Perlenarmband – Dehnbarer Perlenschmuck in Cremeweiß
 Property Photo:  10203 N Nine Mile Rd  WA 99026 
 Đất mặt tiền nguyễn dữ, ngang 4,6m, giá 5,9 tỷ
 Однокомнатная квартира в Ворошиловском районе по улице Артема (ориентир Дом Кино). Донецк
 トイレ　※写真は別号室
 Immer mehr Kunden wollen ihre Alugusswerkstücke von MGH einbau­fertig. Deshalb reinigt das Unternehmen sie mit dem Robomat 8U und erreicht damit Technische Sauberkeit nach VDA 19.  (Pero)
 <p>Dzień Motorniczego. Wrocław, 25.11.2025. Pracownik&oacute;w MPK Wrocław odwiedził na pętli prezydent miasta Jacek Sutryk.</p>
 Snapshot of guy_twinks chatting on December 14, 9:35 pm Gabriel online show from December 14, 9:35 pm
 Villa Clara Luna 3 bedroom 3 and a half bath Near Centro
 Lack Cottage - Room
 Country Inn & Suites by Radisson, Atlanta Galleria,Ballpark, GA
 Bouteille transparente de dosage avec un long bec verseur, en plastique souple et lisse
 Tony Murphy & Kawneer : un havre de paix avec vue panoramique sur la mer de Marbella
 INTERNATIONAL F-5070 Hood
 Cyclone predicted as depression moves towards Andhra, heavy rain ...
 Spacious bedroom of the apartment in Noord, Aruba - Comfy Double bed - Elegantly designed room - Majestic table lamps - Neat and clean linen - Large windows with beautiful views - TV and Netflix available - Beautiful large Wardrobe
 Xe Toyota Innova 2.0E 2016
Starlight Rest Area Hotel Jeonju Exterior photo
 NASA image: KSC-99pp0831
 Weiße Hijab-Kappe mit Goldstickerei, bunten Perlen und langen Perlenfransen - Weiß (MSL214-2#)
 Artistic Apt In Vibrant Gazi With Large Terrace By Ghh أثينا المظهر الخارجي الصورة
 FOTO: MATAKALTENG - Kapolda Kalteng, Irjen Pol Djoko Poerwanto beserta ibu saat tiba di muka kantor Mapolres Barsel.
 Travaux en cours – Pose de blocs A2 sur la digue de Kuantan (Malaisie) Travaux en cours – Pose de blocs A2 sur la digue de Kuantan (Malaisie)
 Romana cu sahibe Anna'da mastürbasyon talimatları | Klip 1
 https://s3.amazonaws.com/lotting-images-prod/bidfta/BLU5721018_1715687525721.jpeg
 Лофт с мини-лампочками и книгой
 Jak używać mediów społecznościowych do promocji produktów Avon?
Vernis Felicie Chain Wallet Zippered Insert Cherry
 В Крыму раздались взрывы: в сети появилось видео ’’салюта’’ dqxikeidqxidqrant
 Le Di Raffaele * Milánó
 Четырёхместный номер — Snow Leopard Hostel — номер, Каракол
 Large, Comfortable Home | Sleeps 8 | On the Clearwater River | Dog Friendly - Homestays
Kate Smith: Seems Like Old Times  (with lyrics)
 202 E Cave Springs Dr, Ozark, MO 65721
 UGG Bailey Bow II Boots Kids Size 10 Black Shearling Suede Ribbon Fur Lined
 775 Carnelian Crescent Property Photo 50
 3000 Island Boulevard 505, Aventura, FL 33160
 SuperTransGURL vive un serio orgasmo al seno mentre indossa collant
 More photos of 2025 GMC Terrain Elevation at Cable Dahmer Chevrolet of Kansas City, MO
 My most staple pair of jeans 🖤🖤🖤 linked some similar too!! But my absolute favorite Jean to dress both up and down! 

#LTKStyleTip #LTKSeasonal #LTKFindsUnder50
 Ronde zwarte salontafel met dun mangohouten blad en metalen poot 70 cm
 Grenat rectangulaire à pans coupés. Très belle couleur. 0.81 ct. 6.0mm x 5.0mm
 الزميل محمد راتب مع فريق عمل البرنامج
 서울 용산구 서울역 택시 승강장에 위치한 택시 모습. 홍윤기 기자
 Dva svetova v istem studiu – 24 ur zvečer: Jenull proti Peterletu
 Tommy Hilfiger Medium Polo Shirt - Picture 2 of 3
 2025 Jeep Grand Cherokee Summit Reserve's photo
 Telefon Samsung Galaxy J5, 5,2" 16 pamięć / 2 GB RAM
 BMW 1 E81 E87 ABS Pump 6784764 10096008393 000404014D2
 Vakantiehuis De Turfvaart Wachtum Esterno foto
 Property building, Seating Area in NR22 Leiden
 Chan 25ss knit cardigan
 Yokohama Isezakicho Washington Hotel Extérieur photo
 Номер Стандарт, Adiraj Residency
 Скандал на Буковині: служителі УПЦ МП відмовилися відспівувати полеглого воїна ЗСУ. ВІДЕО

Task description: Within the data above, the span starting at the line containing "Snapshot of guy_twinks" and ending at the line containing "Bouteille transparente de" is to be retyped exactly, with no other lines.

Answer section:
 Snapshot of guy_twinks chatting on December 14, 9:35 pm Gabriel online show from December 14, 9:35 pm
 Villa Clara Luna 3 bedroom 3 and a half bath Near Centro
 Lack Cottage - Room
 Country Inn & Suites by Radisson, Atlanta Galleria,Ballpark, GA
 Bouteille transparente de dosage avec un long bec verseur, en plastique souple et lisse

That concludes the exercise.